Soll es richten: der neue Audi-Boss Markus Duesmann
Soll es richten: der neue Audi-Boss Markus Duesmann © AP (Matthias Schrader)

Die Restrukturierung kommt für Branchenkenner keine Sekunde zu früh. Im Gegenteil. Die Eigentümer-Vertreter von Volkswagen müssen sich den Vorwurf gefallen lassen, den Schnitt zu spät autorisiert zu haben. Gemeint ist damit das Festhalten am langjährigen Audi-Chef Rupert Stadler, der auch nach dem Aufdecken des Skandals noch fast drei Jahre im Amt blieb, ohne den Betrug wirklich aufgeklärt zu haben. Das zumindest wirft ihm die Staatsanwaltschaft München vor, die ihn angeklagt hat.

In dieser Zeit kam Audi nicht aus den Schlagzeilen und verlor schwer an Boden. Speziell die Inhaftierung des Audi-Chefs, der 2018 vier Monate in U-Haft sass, lähmte das Unternehmen nachhaltig. Entwicklungen wurden aufgeschoben, Innovationen gab es nur spärlich. Entwicklungsvorstände wechselten im Jahrestakt. Fatal für eine ingenieursgetriebene Marke, die sich über den „Vorsprung durch Technik“ definierte und den Slogan stets wie eine Fahne vor sich her trug.

Konzern-Boss Diess fordert vom neuen Team ein, "Vorsprung durch Technik zur unmissverständlichen Handlungsmaxime bei Audi zu machen“. Die Umsatzrendite, die sich seit 2012 auf sechs Prozent halbiert hat, soll wieder zweistellig werden. Und mittelfristig will Wolfsburg seine Tochter auch wieder auf Augenhöhe mit Mercedes und BMW sehen.

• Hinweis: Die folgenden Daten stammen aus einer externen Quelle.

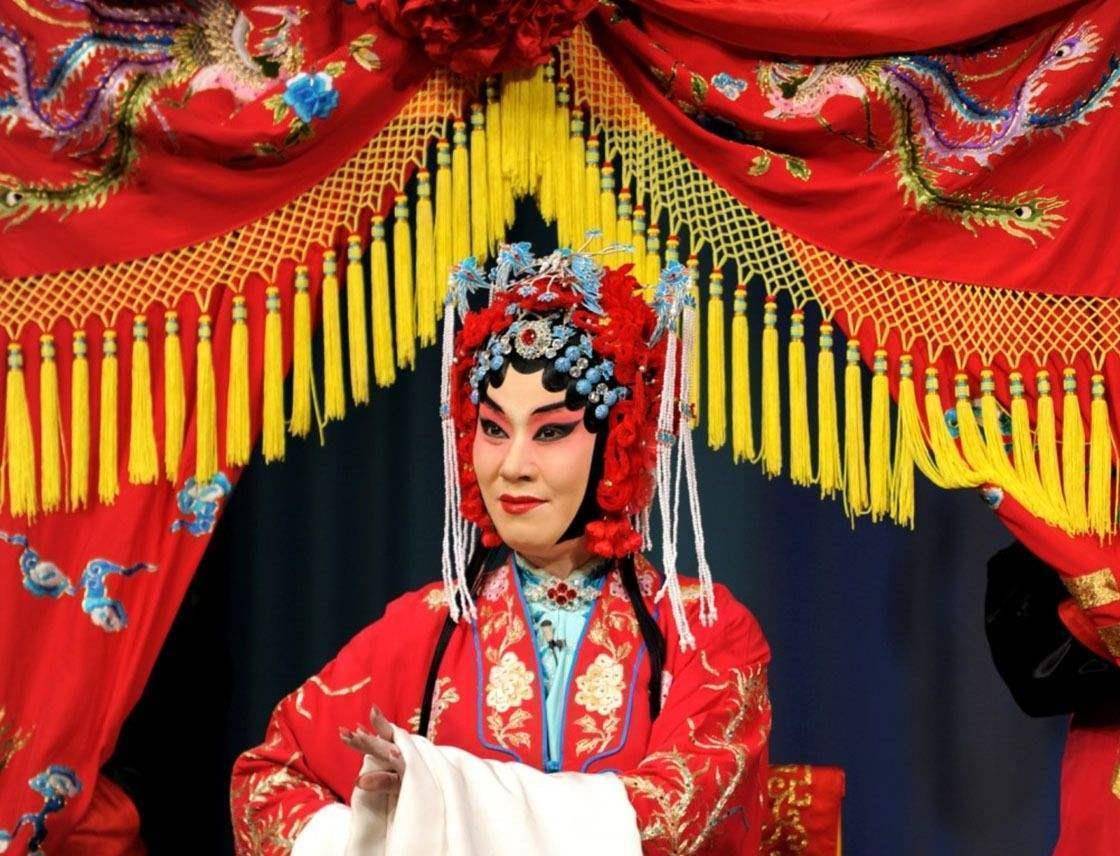 原创今天的京剧应景戏锁麟囊善恶有报智取威虎山同饮庆功酒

Richten soll es ab dem Frühjahr Markus Duesmann. Dem Maschinenbauer aus Westfalen, der früher bei Daimler werkte und zuletzt bei BMW als Einkaufschef im Vorstand saß, eilt ein exzellenter Ruf als Allrounder voraus. Der Druck ist groß, eine Schonfrist beim Neustart gibt es nicht. Die Milliarden der Einsparungen fließen in die Elektrifizierung und Digitalisierung. Und in neue Produkte, die Audi am Markt wieder begehrenswert machen sollen – wobei der Fokus auf SUV in allen Klassen und allen Antriebsformen liegt.

Mit einer breit aufgestellten Elektroauto-Strategie folgt Audi zunehmend bedingungslos dem VW-Konzerndiktat und riskiert viel. Bis 2025 will die Marke mit den vier Ringen ein Drittel des Portfolios elektrisch betreiben. Bis dahin möchte man mehr als 30 Modelle mit Stecker anbieten. In Los Angeles servierte Audi mit dem e-tron Sportback sein zweites Elektroauto, im nächsten Jahr folgt der Q4 e-tron und mit dem GT der erste elektrische Audi-Sportwagen mit Porsche-Taycan-Technik.